Feature | Voxology | Twilio |
---|---|---|
Global Reach | ✔ | ✔ |
SDK Support | ✘ | ✔ |
SIP Interface | ✔ | ✔ |
Batch API | ✔ | ✘ |
Programmatic Call Control | ✔ | ✔ |
Control Flow Actions | ✔ | ✘ |
Session Data | ✔ | ✘ |
Text-To-Speech | ✔ | ✔ |
Call Recording | ✔ | ✔ |
Call Transcription | ✔ | ✔ |
Media Stream | ✔ | ✔ |
Conferencing | ✔ | ✔ |
Call Queues | ✔ | ✔ |
Call Transfer | ✔ | ✔ |
Call Whisper | ✔ | ✔ |
Call Barge | ✔ | ✔ |
Speech Recognition | ✔ | ✔ |
DTMF Detection | ✔ | ✔ |
Answering Machine Detection | ✔ | ✔ |
STIR/SHAKEN | ✔ | ✔ |
Caller ID Name | ✔ | ✔ |
Hosted Call Scripts (TwiML Bin) | ✘ | ✔ |
Free Developer Support | ✔ | ✘ |
So how does a company decide which provider is a better partner for them?
With so much crossover in our product offering, let’s explore some of the key differences between Voxology and Twilio that can make a big impact in your application design and time to onboard.
Many use cases, such as emergency notifications or other voice alerts, require applications to scale to incredible volumes for a short period of time. Oftentimes this leads to engineering teams spending outsized effort to handle peak volumes that may only account for a small fraction of their overall traffic. Twilio only allows you to place a single call per API request. Need to place half a million calls as quickly as possible? Better spin up some more servers.
On the other hand, Voxology’s Batch API supports placing up to 100 calls with a single API request. We engineered our platform to handle massive call volumes, and we’re happy to pass that advantage on to our customers. Why place 500,000 API requests when you can achieve the same result with 5,000?

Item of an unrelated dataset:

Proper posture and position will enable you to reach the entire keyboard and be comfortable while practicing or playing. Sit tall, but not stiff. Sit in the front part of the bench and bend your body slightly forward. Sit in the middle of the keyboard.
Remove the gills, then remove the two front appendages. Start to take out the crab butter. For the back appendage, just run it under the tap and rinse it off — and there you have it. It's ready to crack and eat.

Consider the following scenario: you are building an advanced IVR, with multiple decision trees and countless combinations of caller inputs. When you have an unknown number of concurrent calls on your IVR, each one at a different step of the IVR, how do you know which call is at which stage? 10 calls just pressed 3 in your IVR menu, which part of the menu were they in? Are they trying to get to support or sales? Or maybe they are leaving a voicemail and just pressed 3 to playback the recording. I already have a headache.
Twilio’s TWIML call control forces you to handle this. Your application has to keep track of every live call, the stage it's in, the previous step, the next step, and so on. For lack of a better term, their call controls are designed to be dumb. The intelligence needs to exist in your application. Heard of a multi-threaded state machine? Want to build one? Me neither.

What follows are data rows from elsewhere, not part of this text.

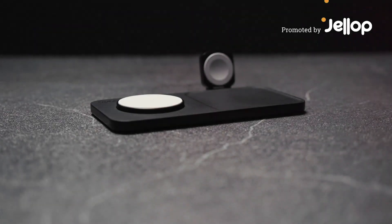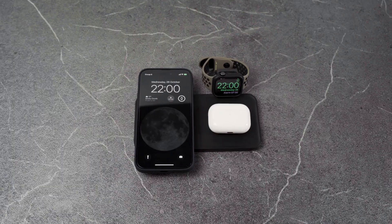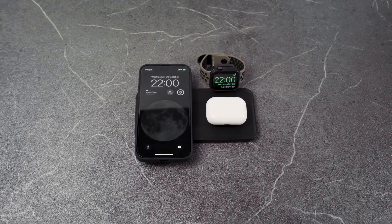Introducing SITE1, the wireless charging site for all your everyday essentials. SITE1 is designed to keep it all organized.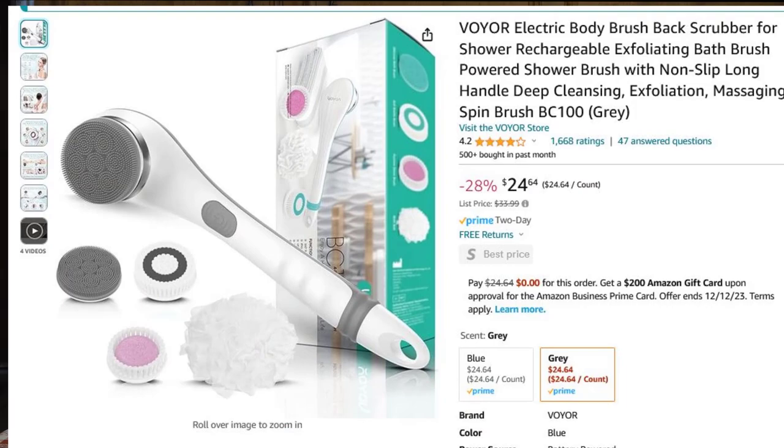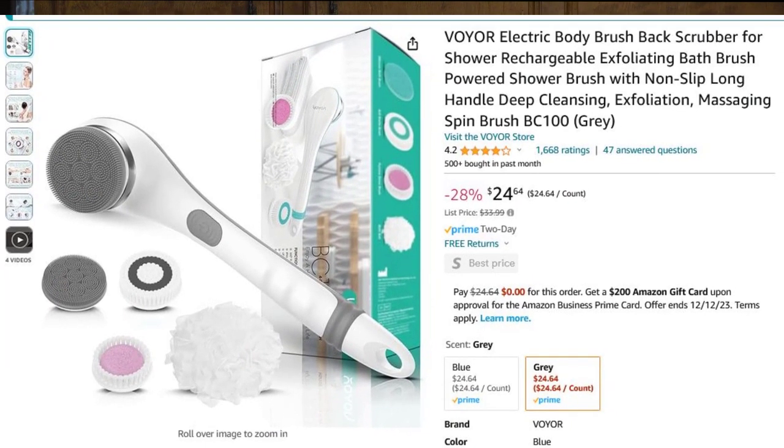Hi, this is David with David's Tutorials, and I'd like to tell you today about a little gadget that I bought a couple of weeks ago that I'm really quite happy with and I'd just like to share it with you. That gadget is the Voyeur Body Brush Back Scrubber. I have one right here and it's an electronic device with a nice long handle.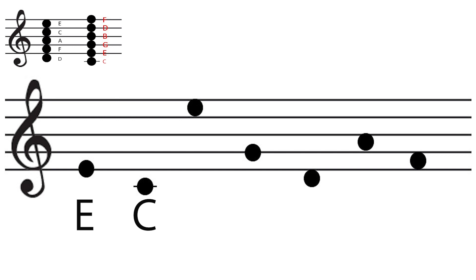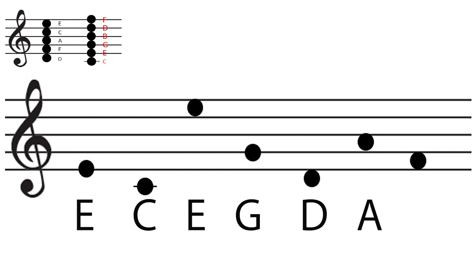Let's see what the answers are. The first one is E, the second one is C, the third one is E, the fourth one is G, the fifth one is D, the sixth one is A, the seventh one is F.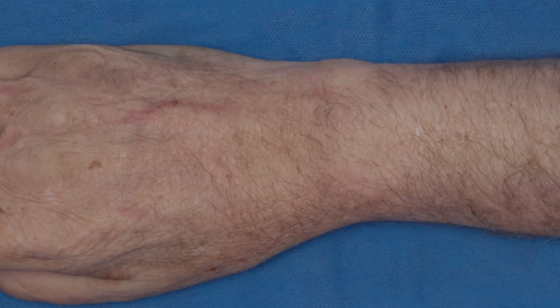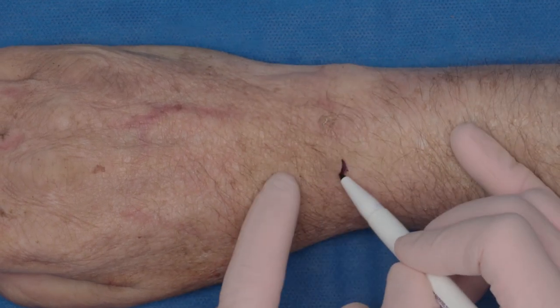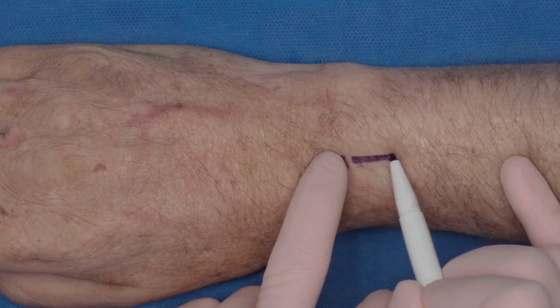For the purpose of this demonstration, we will go dorsal. First, I start out by finding Lister's tubercle. We can easily palpate here, and you go just proximal to this and make an incision.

Voxology tracks the state of every Programmable Voice call placed on our platform and we have control flow actions used to program logical decisions into your call flows. No need to create an intelligent application to handle your calls. Continuing the advanced IVR example, your Voxology call flow can include each decision tree and also the logical next step. Your application is no longer needed to tell us what to do next. The entire IVR logic can be hosted in a static JSON file on AWS, Azure or Google Cloud.

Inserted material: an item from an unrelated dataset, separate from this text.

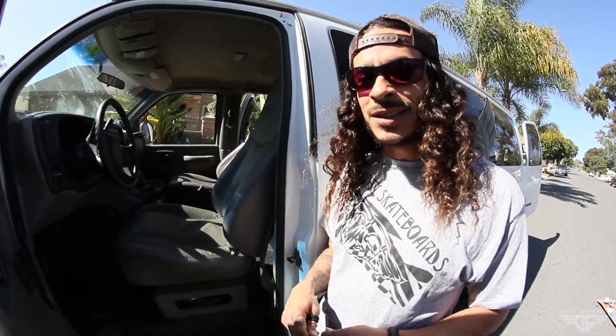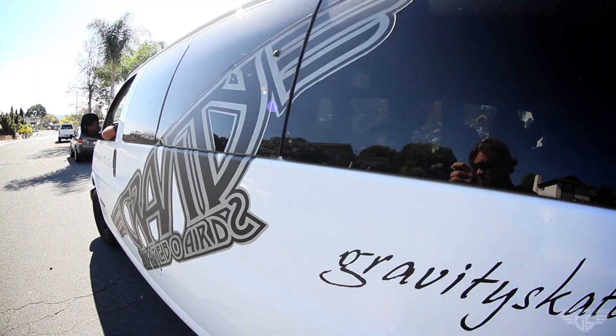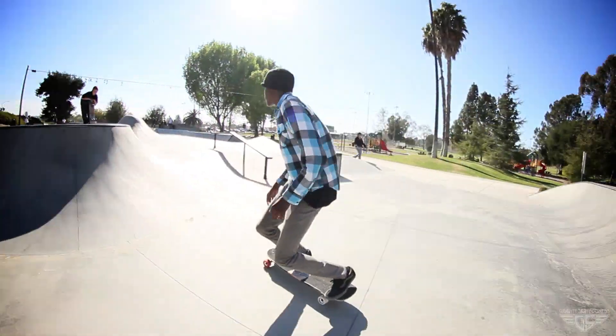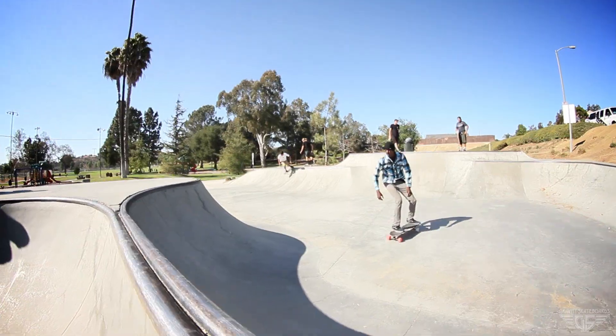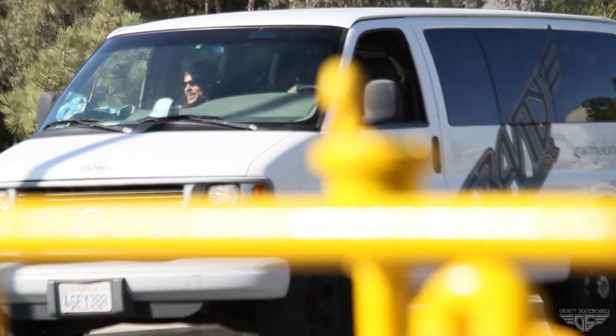What's up everybody, we're gonna be having some fun today. This is Franklin from the Gravity crew. We're all gonna be going out in the Gravity van, hitting some ditches, some downhill, and some parks — having some fun. We'll skate anything we can find. Came to the skate park, chose the Miura. Let's see what I can do. Now we're going to find some hills and some reservoir bowls.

To learn more about how Control Flow actions simplify your CPaaS deployment and reduce needless callbacks, review our Call Flow Design Guide.
“But wait, what good are static call flow scripts if I need every call to include personalized details?”
I’m so glad you asked, allow me to introduce you to Voxology’s Session Data, our method of including custom, user-defined variables in any call flow. The session data object can be referenced at any point in a call flow. Simply write your call flow with placeholders where personalized information is needed and tell us the values to insert when you place the call.
For example, consider an application that sends voice alerts for appointment reminders. Each call needs to include the name, location and time of the appointment. Rather than serving a custom call flow for the thousands of voice alerts that need to go out today, write a single call flow with placeholders for name, location and time, we’ll fill in the values provided when the call is placed. All of the back and forth between our platform and yours is eliminated.
Voxology believes in providing holistic support to our customers. We staff a technical customer experience team to offer not only support with our own product, but also industry best practices from real experts in the telecom space.
If you’re tired of being referred to help center articles, would like to get someone on the phone every once in a while, and don’t want to pay the cost of a full-time employee to get the help you need, say no more. At Voxology we pride ourselves on the partnerships we’ve built and creating an environment where our customers feel heard.
As one customer stated:
"We grew up on Twilio, but we found a home with Voxology."